Enhanced isPublic field population in the DKG.
Enhanced stock ticker symbol extraction in the DKG.
Fixed rules for assigning min and max employees to an Organization in the DKG.
Enriched 3Mil organizations with no revenue data in the DKG.
Improved selection of location for Organization.location in the DKG.
Improved evaluation of postal codes when an address has no street address in the DKG.
Enhanced age calculation/inference in the DKG.
Improved Candidate selection for email address and phone number in the DKG.
Added support for > and < for date/time fields in DQL.
Querying on a DiffbotURI is now strict by default in DQL.
Added support for type:Post (discussions) to DQL.
Added contextually embedded links to docs from the Crawlbot UI.
May 1st, 2019
We addressed missing revenues for over 80Mil company entities in the Diffbot KnowledgeGraph (DKG).
Improved DKG entity postal code assignments.
Improved DKG entity Stock Exchange assignments
We removed cookie disclaimer text from DKG entity descriptions.
We improved Organization entity classification in the DKG.
We added the ability to facet on Organization name tokens in DQL.
We expanded currency support in the Diffbot extraction APIs to include ALL currencies in Europe in addition to the European Union (Euro currency standard).
We
improved DQL error messages.
We lifted the limit on facet pagination.
Organization size attributes are now supported in facets.
We normalized Organization entity importance in the DKG to score between 1 and 100.
April 1st, 2019
Improved Organization Data Quality (i.e. sub-record linking of CEOs and Founders) in the Diffbot KnowledgeGraph (DKG).
Added dedicated process to parse subsidiary entities in the DKG.
Added support for multiple Person/Organization descriptions in the DKG.
Fixed date/timestamp conversion bugs in DQL.
Optimized revenue.value and revenue.currency extractions for Organization profile data in the DKG.
Added support for pagination of facets in DQL.
Added support for querying by tags for type:Image in DQL.

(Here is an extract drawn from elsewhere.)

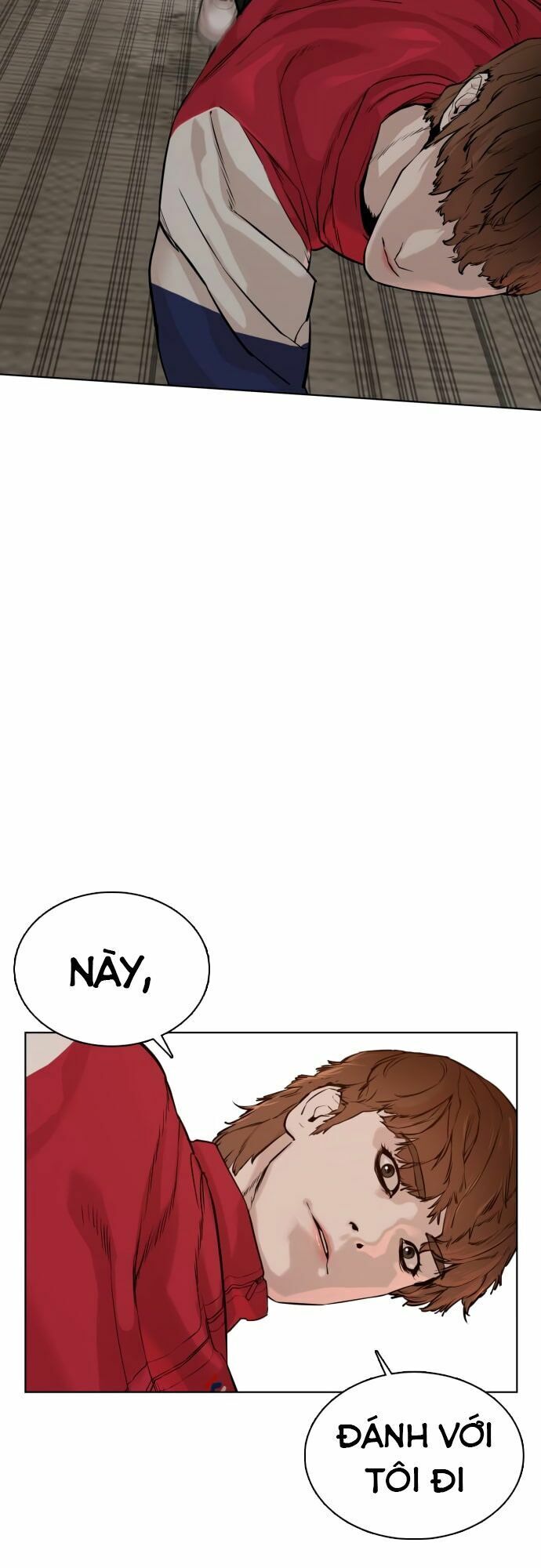 Cách Chiến Thắng Trận Đấu Chapter 53 - Trang 2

Added facet count to the Diffbot KnowledgeGraph Search API response.
February 1st, 2019
Extended coverage of Entities located or residing in Asia to the Diffbot KnowledgeGraph.
Added support for the strict operator to DQL.
December 1st, 2018
Improved date/time extraction, timezone support in Diffbot extraction APIs.
Added support for 'has:'operator to DQL for Articles and Products.
October 1st, 2018
Added DQL support for type:Product has:breadcrumb.name
Added support for computation of total investment when individual investments have different currencies (Organization Profile).
Added support for svg image file type for Entity images.
Added indexing of Entity description fields.
Improved tokenization for Chinese/Japanese tagging.
Added hit count for facets.
August 1st, 2018
Launched the Diffbot Knowledge Graph including a new developer Dashboard, embedded ontology documentation, and an OpenAPI spec.
February 27th, 2018
URL Report downloads are now sorted in newest-first order
Crawlbot now indexes the seed URL of each extracted object in the fromSeedUrl
field.
January 5th, 2018
Crawlbot API: Added the useCanonical argument to allow disabling of canonical URL deduplication on specific crawls.